Declaring a join in the schema file creates a join_class() method to the resultset's referenced object, where class is the joined-to resulset class. The join from ledger_entries to accounts creates join_accounts() in the ledger_entries reference-counted resultset.

Each join_class() returns a class::base::joins. It is a reference to an object that serves several purposes:

The above example makes no particular use for the joins object, but if both tables in this example had a code column, then ledger_entries->search("code", "=", "Acct1");, becomes code = ? SQL, resulting in an error, due to the ambiguous column name.

It's always possible to explicitly specify the table: ledger_entries->search("ledger_entries.code", "=", "Acct1");. This, however, relies on each table's alias, in the query, defaulting to the name of the table.

This is no longer the case when the same table ends up appearing more than once in the resultset's joins. In this case, each occurence of the table has a unique alias. A formal, documented way to reference the correct table is to use the get_table_alias() method defined in the joined-to class. For consistency, the resultset class also implements a get_table_alias() that gives the resultset table's alias:

auto ledger_entries_rs=ledger_entries::create(conn);

accounts::base::joins accounts_join=ledger_entries_rs->join_accounts();

ledger_entries_rs->search(ledger_entries->get_table_alias() + ".code", "=", accounts_join->get_table_alias() + ".code");

This creates WHERE ledger_entries.code = accounts.code, presuming that both ledger_entries's and accounts's alias is the same as the table name; or the appropriate alias, as specified in the corresponding FROM or JOIN table name. At this time, an alias for the resultset table always ends up to be the same as the table's name. This is subject to change in the future. Always use get_table_alias() for proper results.

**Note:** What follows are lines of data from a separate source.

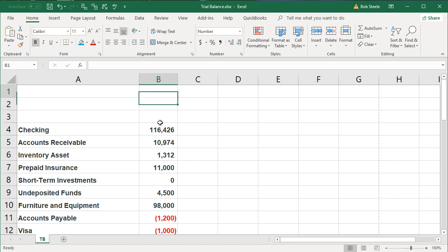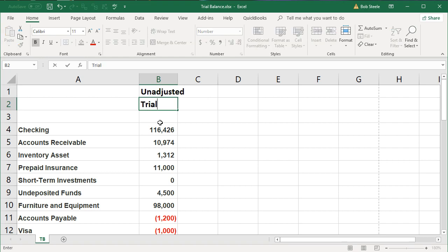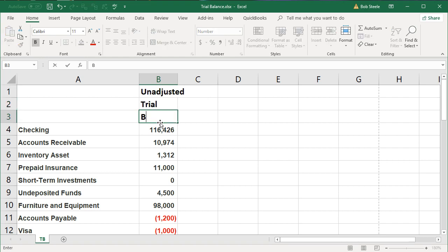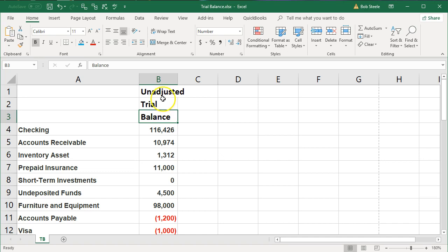What we're going to do then is put this into three different rows. We'll type in B1, unadjusted, and then trial, and then I'm hitting enter, and then balance. Now we have in three different columns. I just hit one, two, three, and now I can adjust these three.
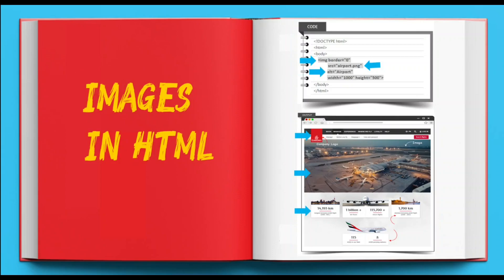The alt attribute contains an alternate text that is displayed if the image cannot be displayed. The height and width attributes specify the image size, usually in pixels.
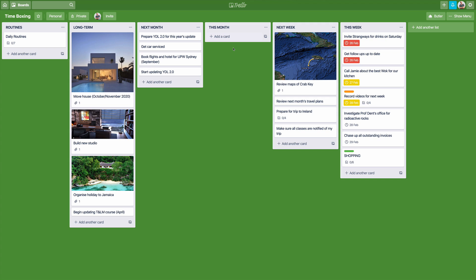When it comes to the end of the month — which will be this weekend — what I would do is transfer the items in the 'this month' column over to 'next week', and then look at the items in my long term column to see if anything needs to be done. For example, an April item would be dragged across to next month, and maybe 'organise my holiday to Jamaica' could be dragged across too. This week column is just a sample, but normally in my own Todoist it would be a lot bigger.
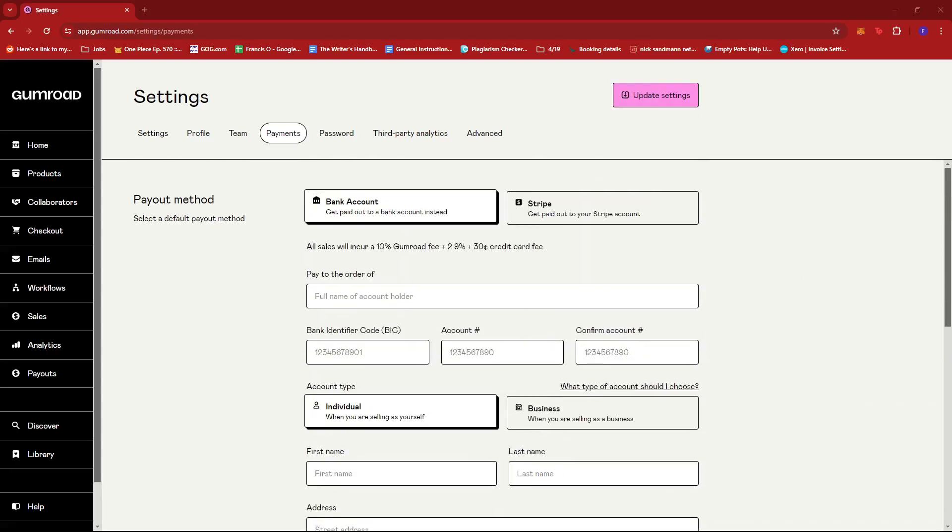And that's about it. That's how you add a payment method on Gumroad. If you have any questions, please let me know down in the comments below.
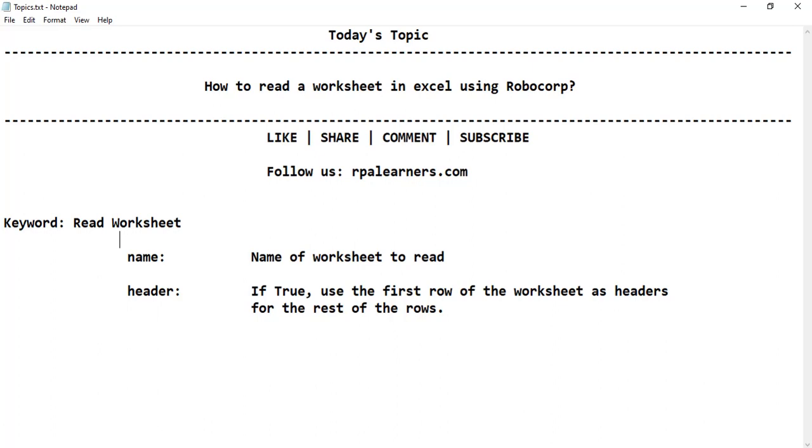So what are the different arguments in this keyword read worksheet? There's name which has the name of worksheet to read and the other one is header. If you make it true then it has headers in that Excel file which reflects the other rows. So it will take the first row as headers and then it will consider all the remaining rows as values.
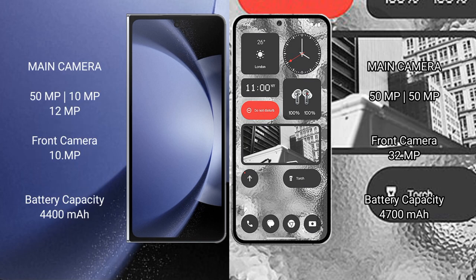Samsung Galaxy Z Fold 6 rear-side triple camera setup: 50MP plus 10MP plus 12MP, front camera 10MP. Nothing Phone 2 rear-side dual camera setup: 50MP plus 50MP, front camera 32MP.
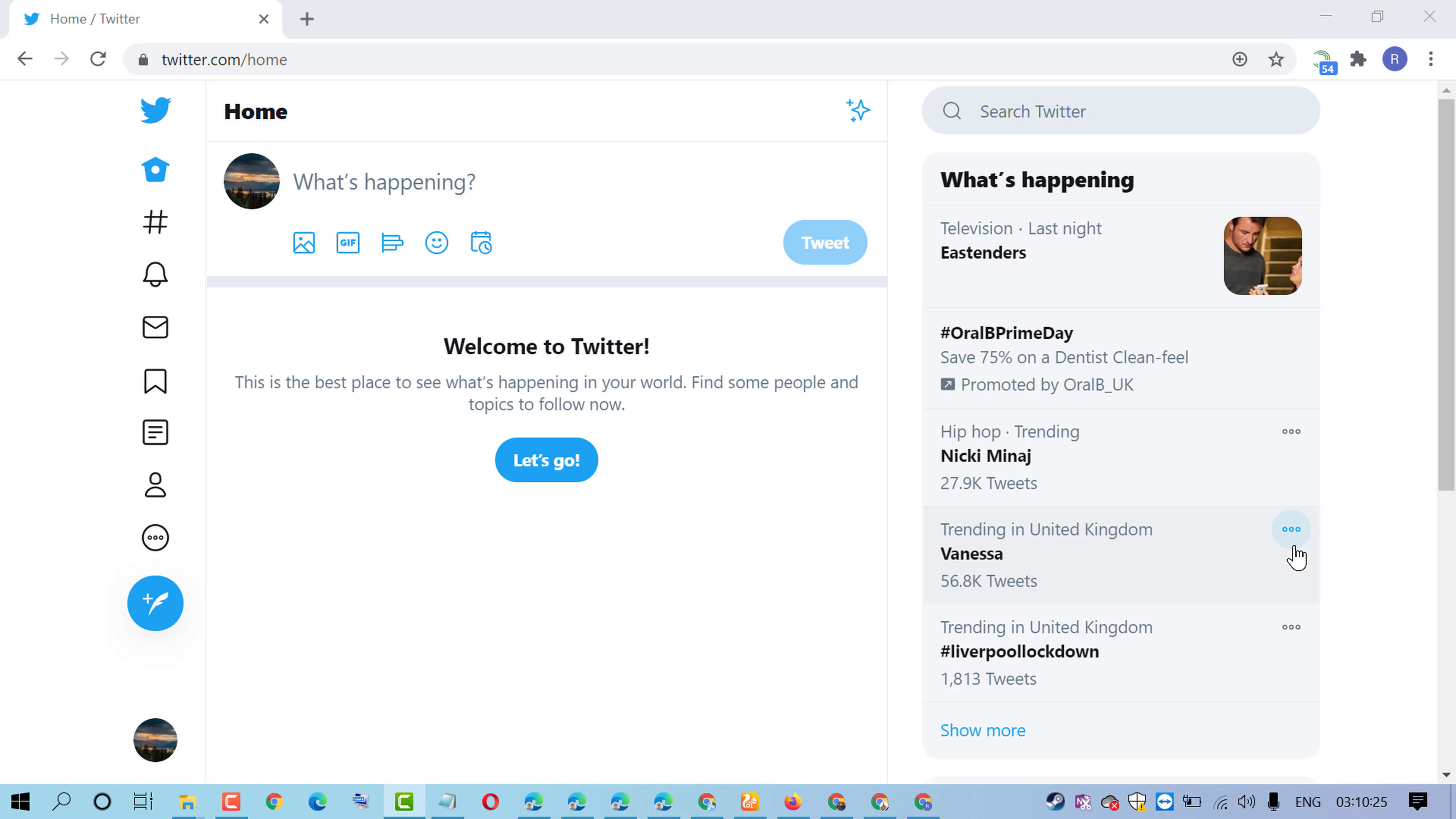In this video, I'm going to show you how to change your username on Twitter. Firstly,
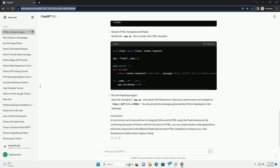Python Integration. To integrate Python with HTML, we can use frameworks like Flask or Django. In this tutorial, we'll focus on Flask.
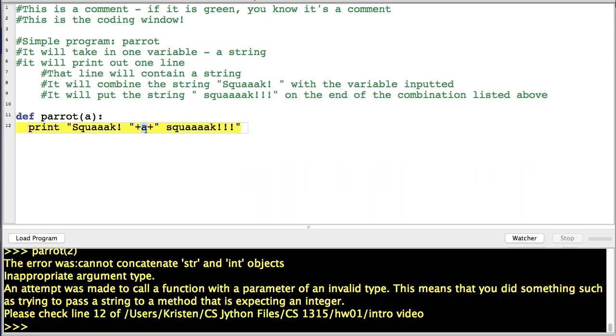So what happened here is JES is treating this like a string and this like a string, and it wants to treat this like a string, but 2 is an integer.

The join object implements additional methods that create subsequent joins from the join object's table. So, if, for example, the accounts table had an additional join to an account_types table:

auto ledger_entries_rs=ledger_entries::create(conn);

accounts::base::joins accounts_join=ledger_entries_rs->join_accounts();

account_types::base::joins account_types_join=accounts_join->join_account_types();

Calling ledger_entries's join_accounts() adds a join from the ledger_entries to the accounts table and returns a accounts::base::joins object reference. Calling this object's join_account_types() method adds a join from the accounts to the account_types table.

classname and classname::base::joins always implement the same join_classname() methods (they reference objects where the former is a subclass of the latter).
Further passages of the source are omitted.